Publié le 2026-02-21 21:16:00. Des informations circulant sur les réseaux sociaux concernant la capture de Tareck El Aïssami et de Samark López, figures clés du régime vénézuélien, sont nuancées : leur statut de « capturés » sur le site de l’Immigration and Customs Enforcement (ICE) des États-Unis remonte à plus d’un an et ne signifie pas une arrestation récente ou une extradition.
- Le site de l’ICE indique Tareck El Aïssami et Samark López comme « capturés », mais cette mention existe depuis au moins septembre 2025.
- Cette classification ne prouve ni leur détention actuelle aux États-Unis, ni une extradition imminente.
- L’ICE maintient les désignations de ces individus pour trafic de drogue, remontant à 2017 pour El Aïssami.
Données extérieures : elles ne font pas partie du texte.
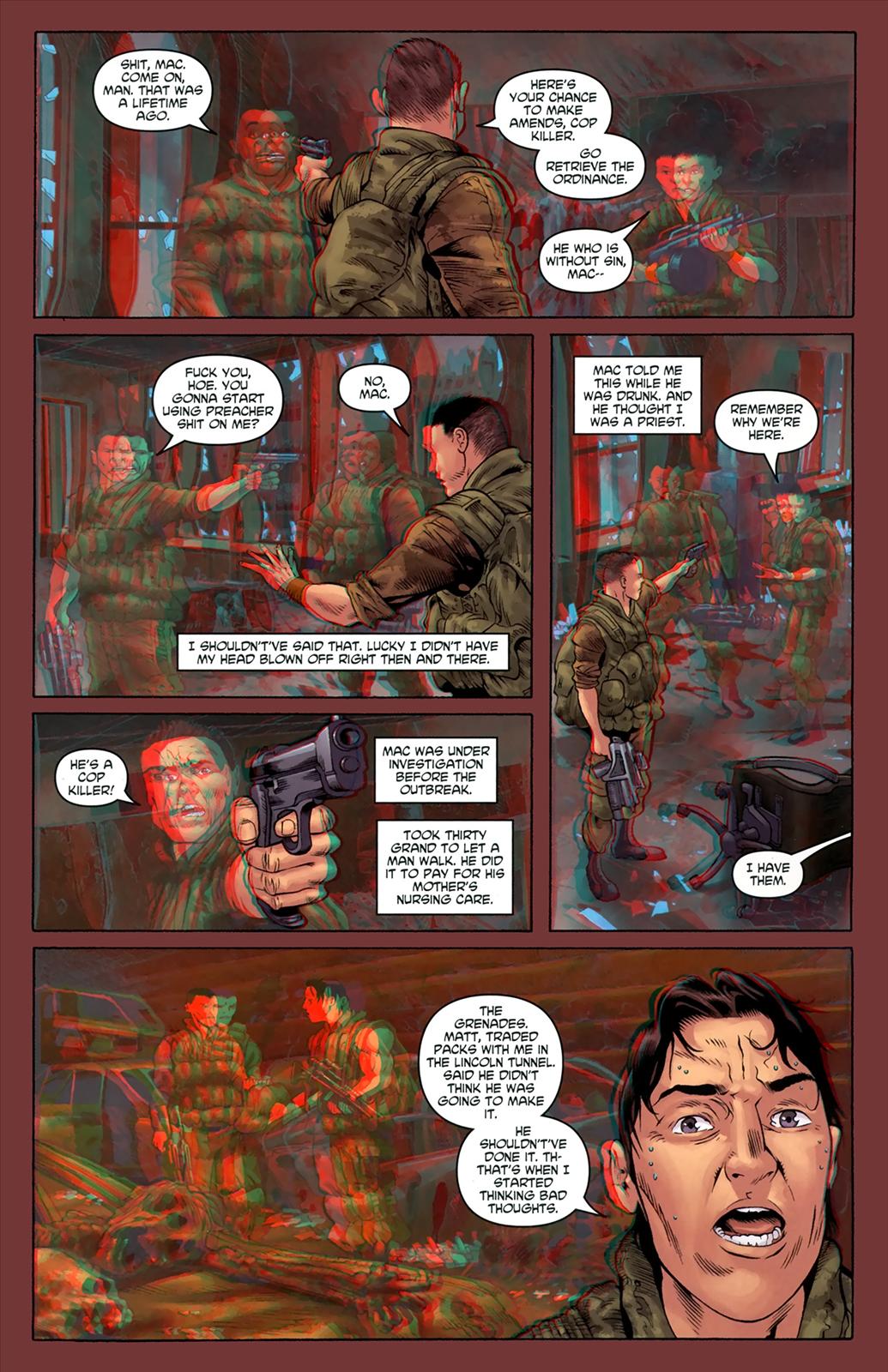 Read online Crossed 3D comic -  Issue # Full - 28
La mention « capturé » affichée sur le site de l’Immigration and Customs Enforcement (ICE) à l’égard de Tareck El Aïssami, ancien ministre du Pétrole vénézuélien, et de son opérateur financier, Samark José López, a suscité des interrogations. Cependant, selon les vérifications du portail Chasseurs de fausses nouvelles, cette indication n’est pas nouvelle et ne correspond pas aux récents développements politiques au Venezuela, notamment la capture de Nicolás Maduro à Caracas le 3 janvier.
En réalité, l’étiquette « capturé » est visible sur les profils d’El Aïssami et de López depuis au moins septembre et octobre 2025. Un internaute avait déjà remarqué cette mention le 29 septembre 2025, et les archives internet du site Machine de retour confirment que l’état des dossiers d’El Aïssami et de López était identique à cette date.
L’ICE maintient ses désignations pour trafic de drogue
L’ Immigration and Customs Enforcement rappelle que Tareck El Aïssami a été désigné comme trafiquant de drogue spécialement désigné (SDNT) par l’Office of Foreign Assets Control (OFAC) du Département du Trésor américain dès février 2017.
Selon l’organisation, l’ancien ministre du Pétrole aurait facilité l’acheminement de stupéfiants, supervisé des envois dépassant les 1 000 kilos et utilisé ses fonctions officielles pour participer au trafic international de drogue.
Les États-Unis ont également offert une récompense de 5 millions de dollars pour la capture de Samark López, considéré par le Trésor comme le principal associé d’El Aïssami.
Pression de Washington
La réapparition de la mention « capturé » coïncide avec une pression accrue de Washington sur le gouvernement intérimaire de Delcy Rodríguez, suite à la capture de Maduro.
Selon le quotidien espagnol abc, l’administration américaine exigerait l’autorisation d’enquêter sur neuf hauts fonctionnaires, dont Nicolás Ernesto Maduro Guerra, Walter Jacob Gavidia Flores, Alex Saab et Raúl Gorrin, aux côtés d’El Aïssami et López Bello, afin de démanteler les réseaux de corruption.
La disgrâce d’El Aïssami a débuté en mars 2023, lorsqu’il a démissionné suite au scandale dit PDVSA-Cripto, impliquant des détournements de fonds estimés à plus de 21 milliards de dollars via la commercialisation illégale de pétrole brut et l’utilisation d’actifs cryptographiques.
Depuis lors, il était absent de la sphère publique jusqu’à son arrestation, le 9 avril 2024, avec Simón Zerpa et Samark López, accusés de trahison, d’appropriation de biens publics, de blanchiment d’argent et d’association de malfaiteurs, selon le procureur Tarek William Saab.
Les vérifications indépendantes et les archives historiques démontrent que l’étiquette « capturé » sur le site de l’ICE n’est pas liée aux événements de 2024 ni à la nouvelle configuration du pouvoir au Venezuela. Il s’agit d’une indication présente sur les profils depuis au moins un an et demi, qui ne confirme ni une arrestation aux États-Unis, ni de nouvelles procédures judiciaires.